What you return should match the data below exactly, with no pictures in it.

◆ ◆ ◆ ◆ ◆ ◆ ◆

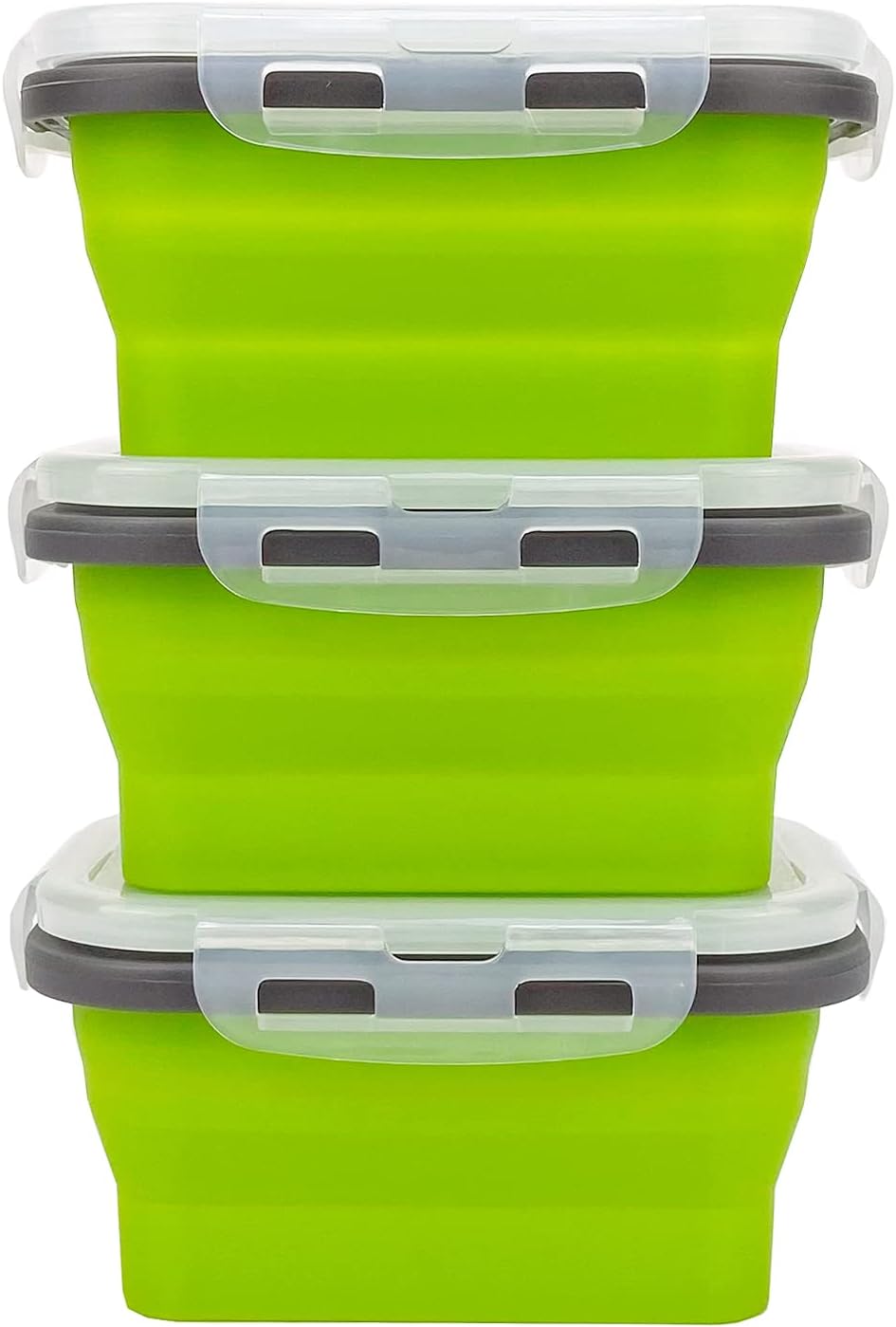 CCyanzi 3piece Collapsible Food Storage Containers with Lids, Silicone Lunch Container, Microwave & Freezer Safe, Space Saving for Kitchen Cabinet and Camping Backpack,(green gray)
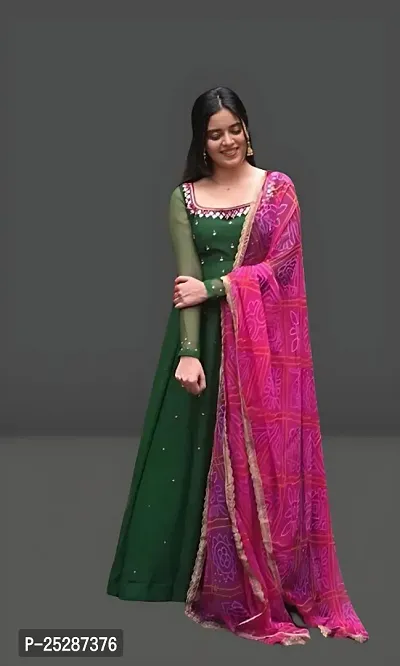 Classic Georgette Embroidered Gown for Women with Dupatta-thumb0
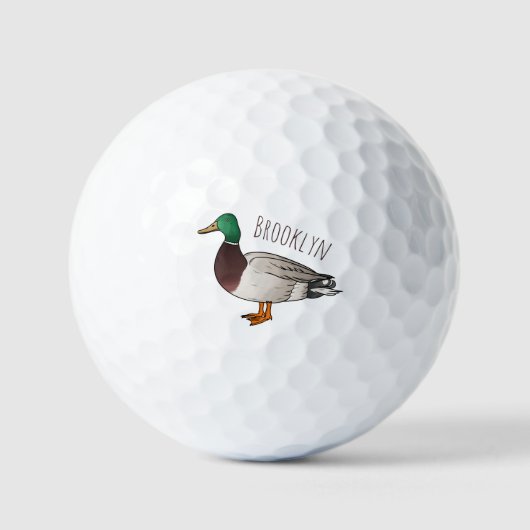 Balles De Golf Illustration du canard de Majard (Recto)
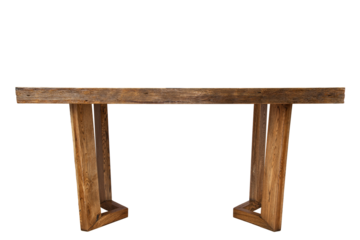 handmade table made of natural elm wood, isolated on a white background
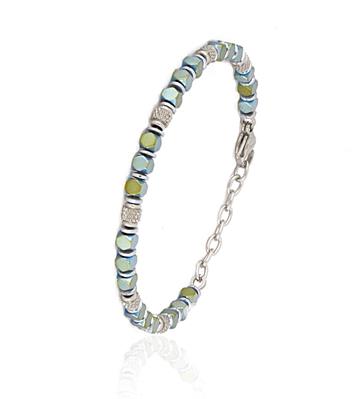 BRACCIALE ACCIAIO CON PEPITE VERDI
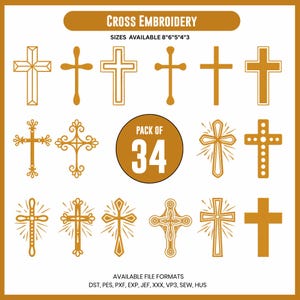 Może przedstawiać: Kolekcja 12 złotych wzorów haftu krzyżykowego. Obraz zawiera tekst "CROSS EMBROIDERY" i "PACK OF 34". Dostępne rozmiary: 20 cm, 15 cm, 13 cm, 10 cm i 8 cm. Dostępne formaty plików są wymienione.
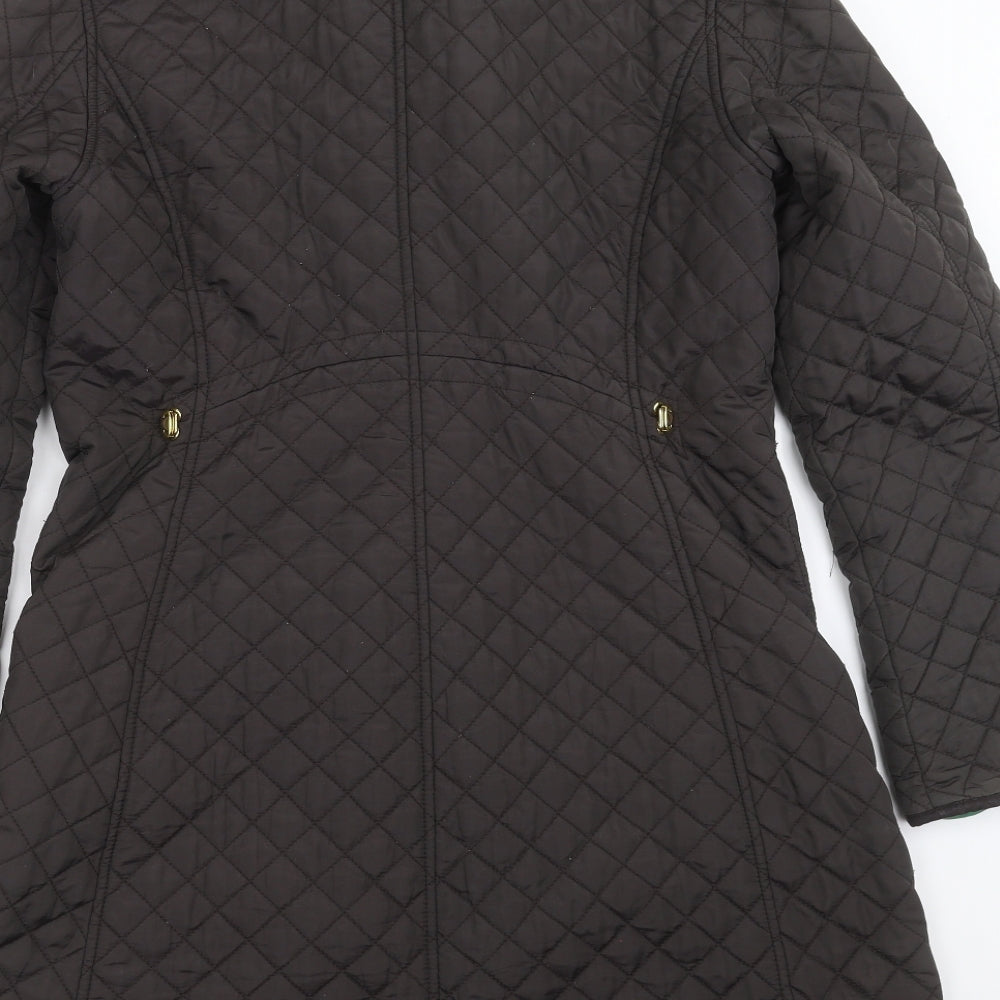 Hobbs Womens Green Argyle/Diamond  Quilted Coat Size 10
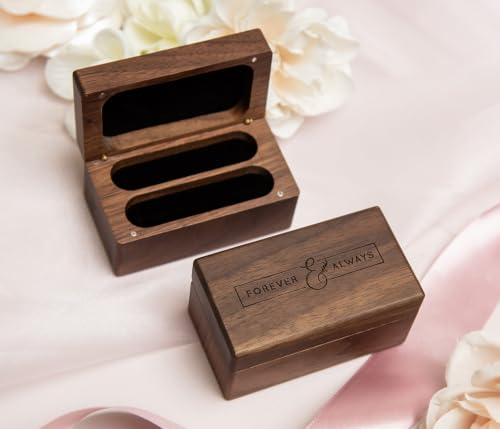 Engraved Walnut Quad Ring Box: "Forever & Always" Wood Ring Holder Case - color: Forever & Always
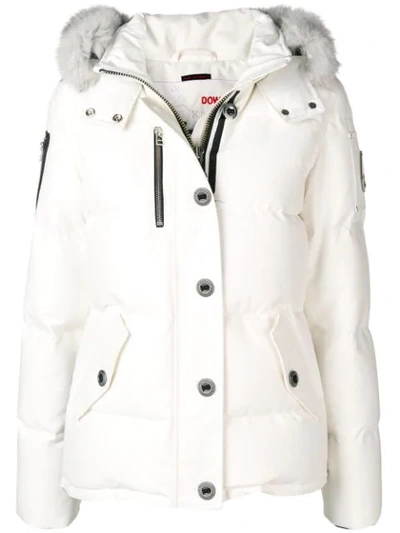 Shop Moose Knuckles Hooded Padded Jacket - White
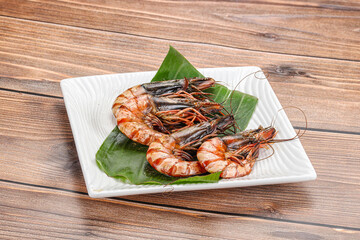 Cooked tiger prawn in the pate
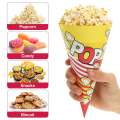 Miniatyrbilde 3 av 3: 100 stk Popcornpapirposer med spissede tupper, kjegleformede godteriposer til popcorn og godteri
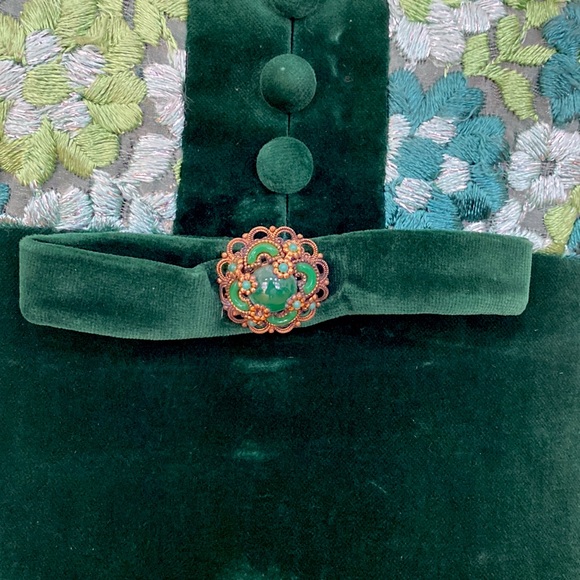 Happy St Patrick's Day! Vintage 1960's Vera Mont Paris Velvet Green Party Dress - Picture 3 of 9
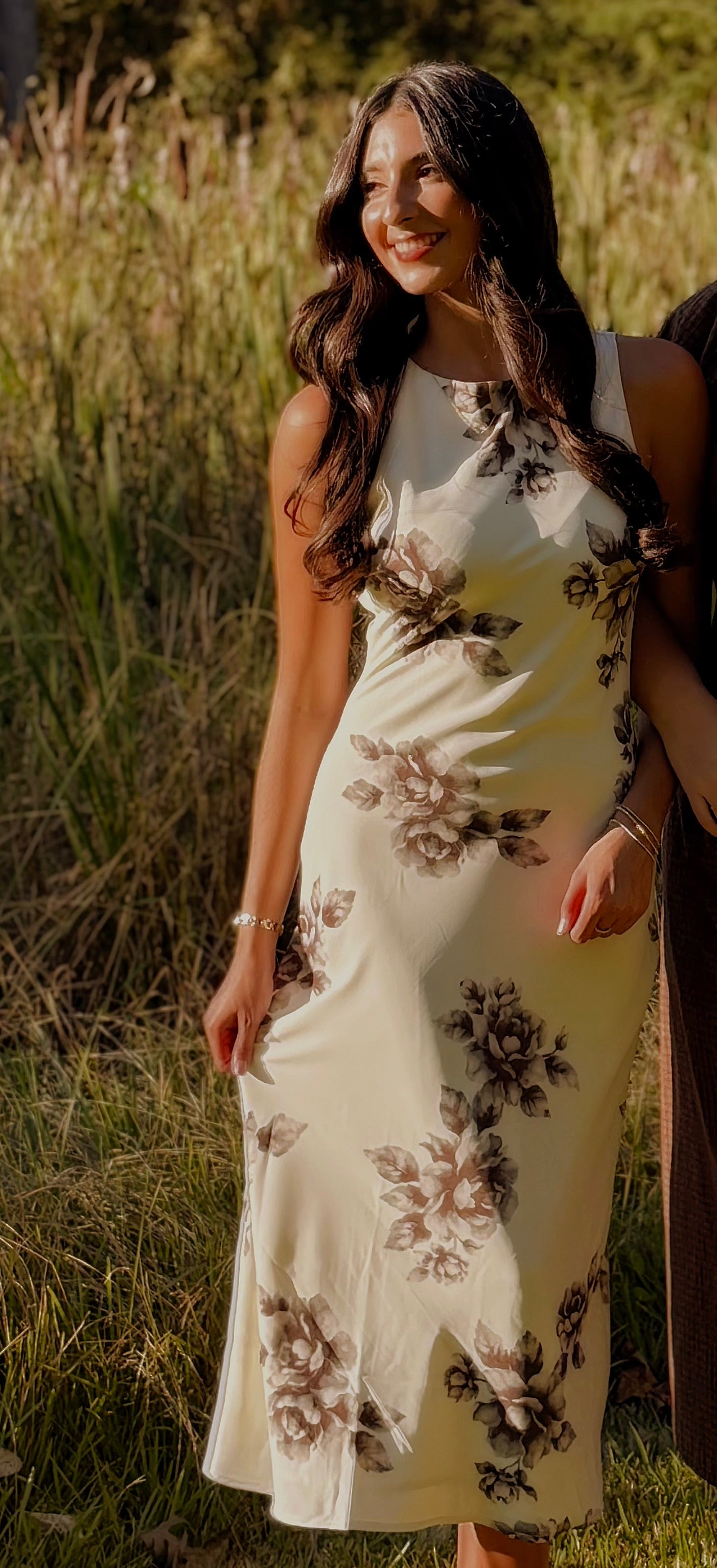 SLEEVELESS HIGH NECK MIDI BIAS DRESS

◆ ◆ ◆ ◆ ◆ ◆ ◆

▸ **SOLUTION TO THIS PROBLEM**
 CCyanzi 3piece Collapsible Food Storage Containers with Lids, Silicone Lunch Container, Microwave & Freezer Safe, Space Saving for Kitchen Cabinet and Camping Backpack,(green gray)
 Classic Georgette Embroidered Gown for Women with Dupatta-thumb0
 Balles De Golf Illustration du canard de Majard (Recto)
 handmade table made of natural elm wood, isolated on a white background
 BRACCIALE ACCIAIO CON PEPITE VERDI
 Może przedstawiać: Kolekcja 12 złotych wzorów haftu krzyżykowego. Obraz zawiera tekst "CROSS EMBROIDERY" i "PACK OF 34". Dostępne rozmiary: 20 cm, 15 cm, 13 cm, 10 cm i 8 cm. Dostępne formaty plików są wymienione.
 Hobbs Womens Green Argyle/Diamond  Quilted Coat Size 10
 Engraved Walnut Quad Ring Box: "Forever & Always" Wood Ring Holder Case - color: Forever & Always
 Shop Moose Knuckles Hooded Padded Jacket - White
 Cooked tiger prawn in the pate
 Miniatyrbilde 3 av 3: 100 stk Popcornpapirposer med spissede tupper, kjegleformede godteriposer til popcorn og godteri
 Happy St Patrick's Day! Vintage 1960's Vera Mont Paris Velvet Green Party Dress - Picture 3 of 9
 SLEEVELESS HIGH NECK MIDI BIAS DRESS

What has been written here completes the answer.